(Captioned web image data)
————

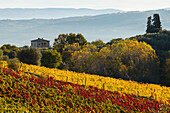 Landhaus, Weinfeld und Zypressen, bei Montalcino, Herbst, Val d´Orcia, UNESCO Weltkulturerbe, Toskana, Italien, Europa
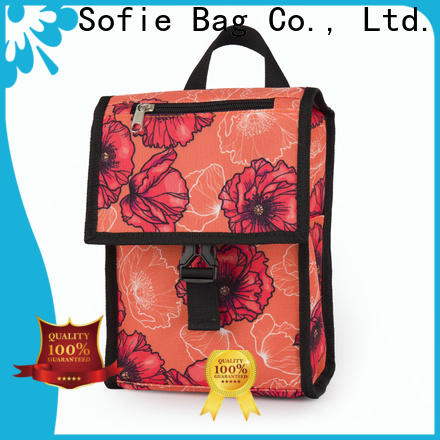 Sofie insulated cooler bags factory for kids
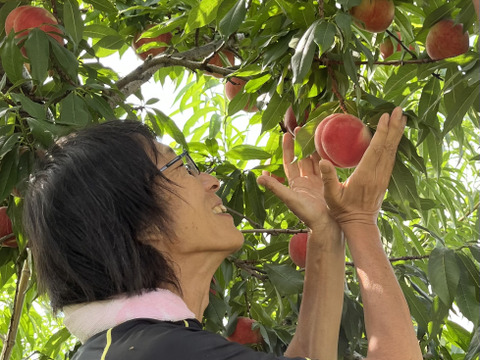 【贈答用】なつっこ🍑2kg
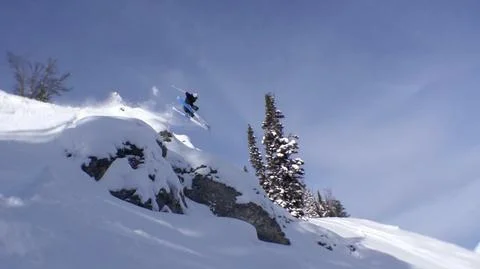 andrew_ski_large.jpg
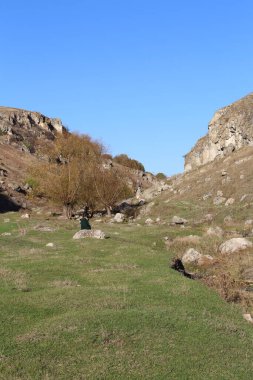 yeşil bir alana bir görünümünü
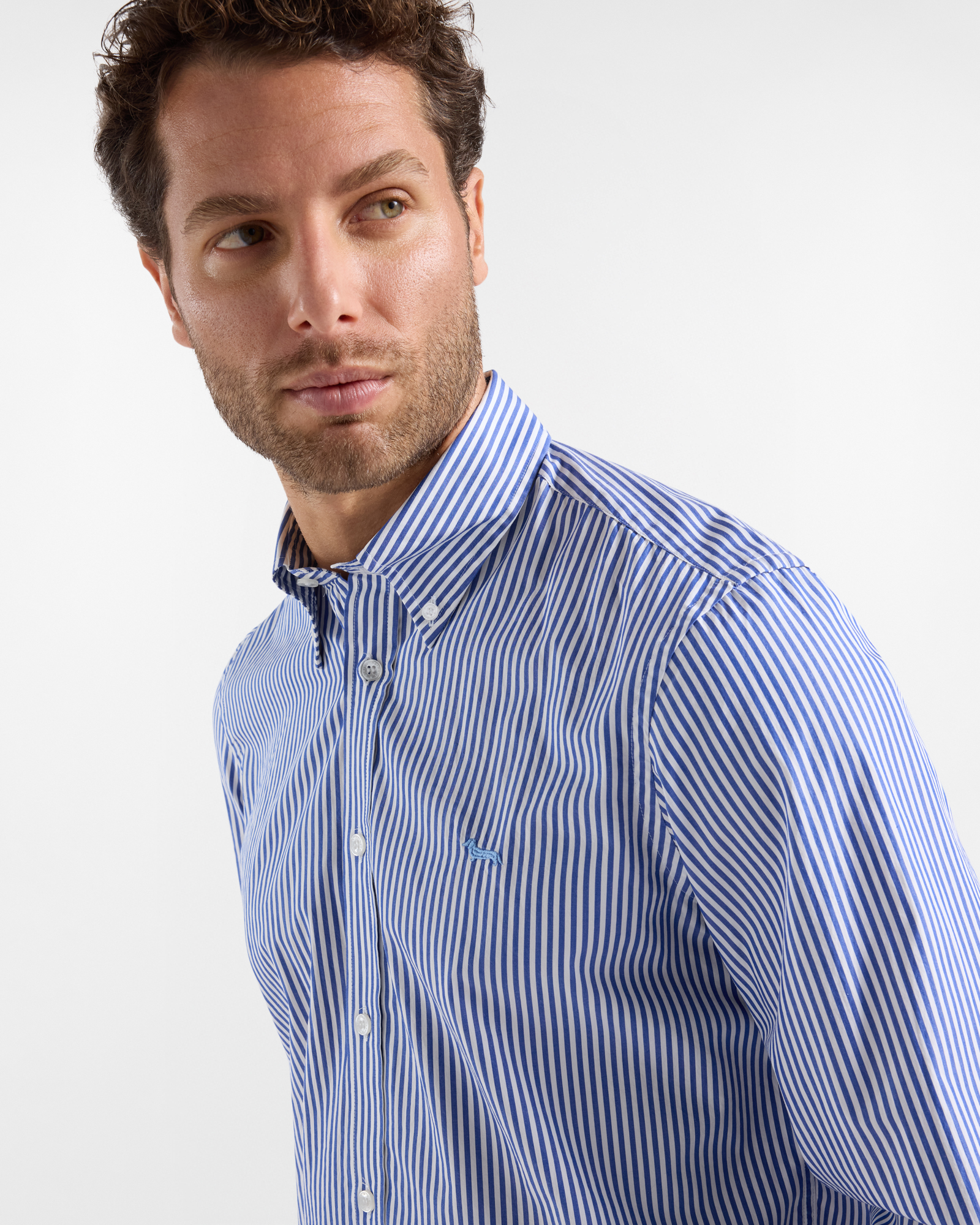 Camicia Uomo a Righe in Puro Cotone Regular Fit, Blu, large image number 2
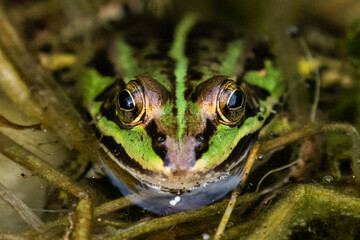 Close-up portrait of a green pond frog peering from mossy wetland - macro wildlife shot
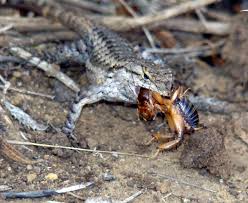 Use of cardboard and bowl: Lizards In Your Yard Are A Good Thing Orange County Register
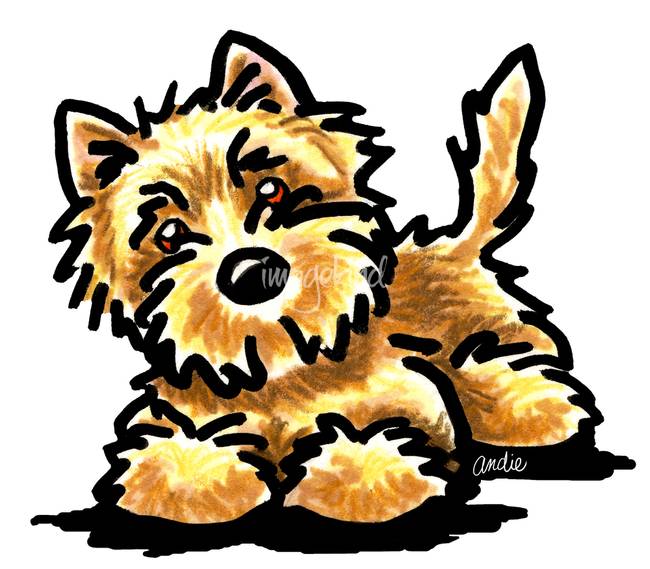 Yorkshire Terrier Cliparts | Free download on ClipArtMag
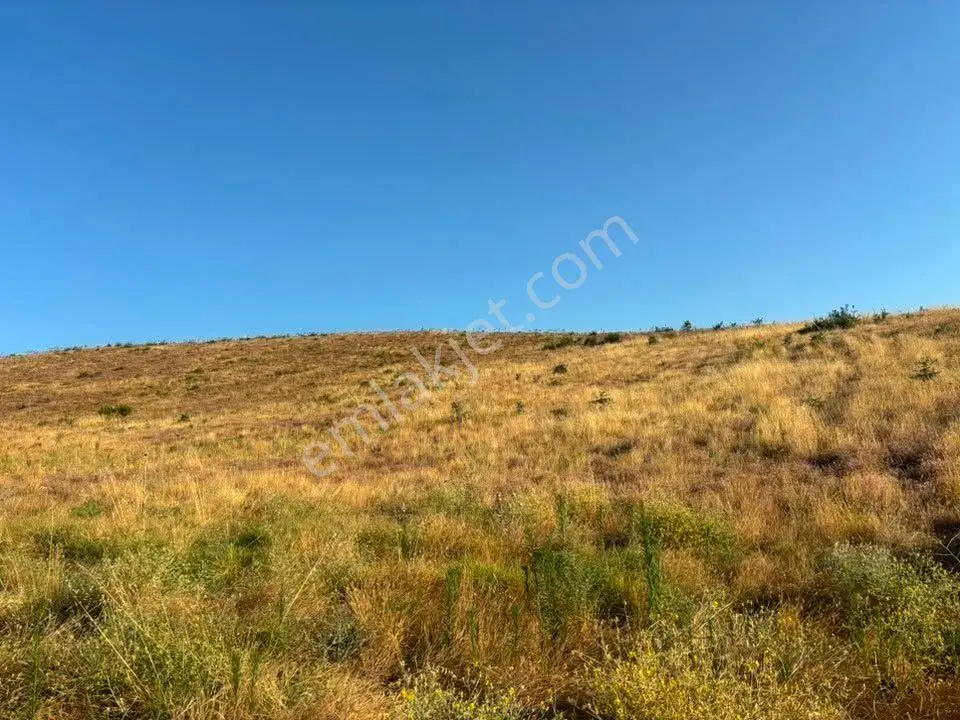 Tc Emlaktan Satılık 78 Dönüm Tarla ! — fotoğraf 3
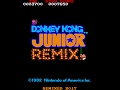 Donkey Kong Junior Remix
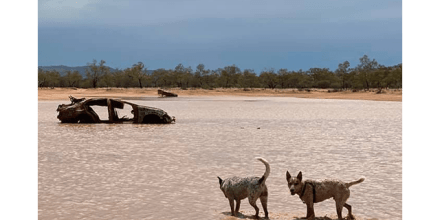 An image featured within a section of Yasmine Musharbash’s manuscript titled Dogs of Dystopia. Image credit: Yasmine Musharbash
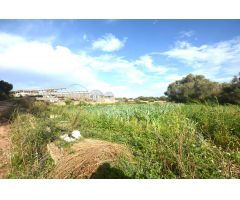 FINCA AGRÍCOLA RÚSTICA EN ES MIGJORN GRAN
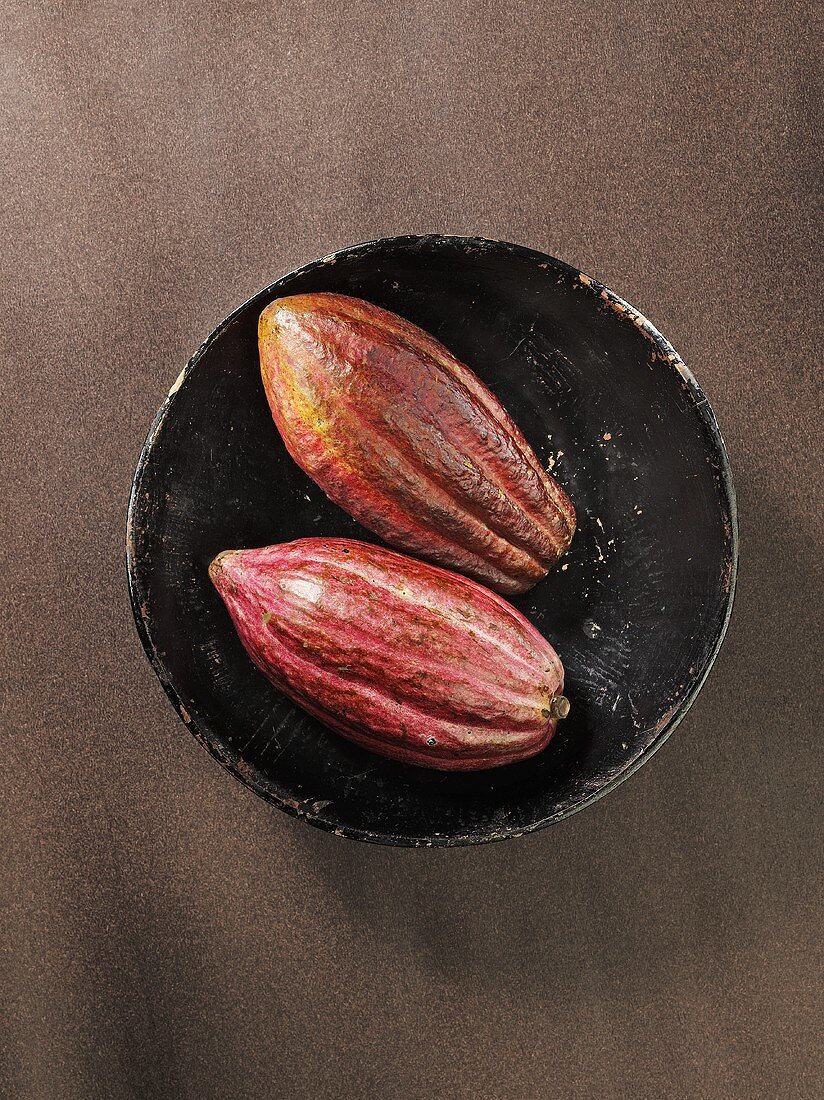 Two cocoa pods in a bowl, seen from above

————

> Your objective
Repeat each entry exactly. Pictures do not belong in the copy.

> Solved problem
 Landhaus, Weinfeld und Zypressen, bei Montalcino, Herbst, Val d´Orcia, UNESCO Weltkulturerbe, Toskana, Italien, Europa
 Sofie insulated cooler bags factory for kids
 【贈答用】なつっこ🍑2kg
 andrew_ski_large.jpg
 yeşil bir alana bir görünümünü
 Camicia Uomo a Righe in Puro Cotone Regular Fit, Blu, large image number 2
 Close-up portrait of a green pond frog peering from mossy wetland - macro wildlife shot
 Use of cardboard and bowl: Lizards In Your Yard Are A Good Thing Orange County Register
 Yorkshire Terrier Cliparts | Free download on ClipArtMag
 Tc Emlaktan Satılık 78 Dönüm Tarla ! — fotoğraf 3
 Donkey Kong Junior Remix
 An image featured within a section of Yasmine Musharbash’s manuscript titled Dogs of Dystopia. Image credit: Yasmine Musharbash
 FINCA AGRÍCOLA RÚSTICA EN ES MIGJORN GRAN
 Two cocoa pods in a bowl, seen from above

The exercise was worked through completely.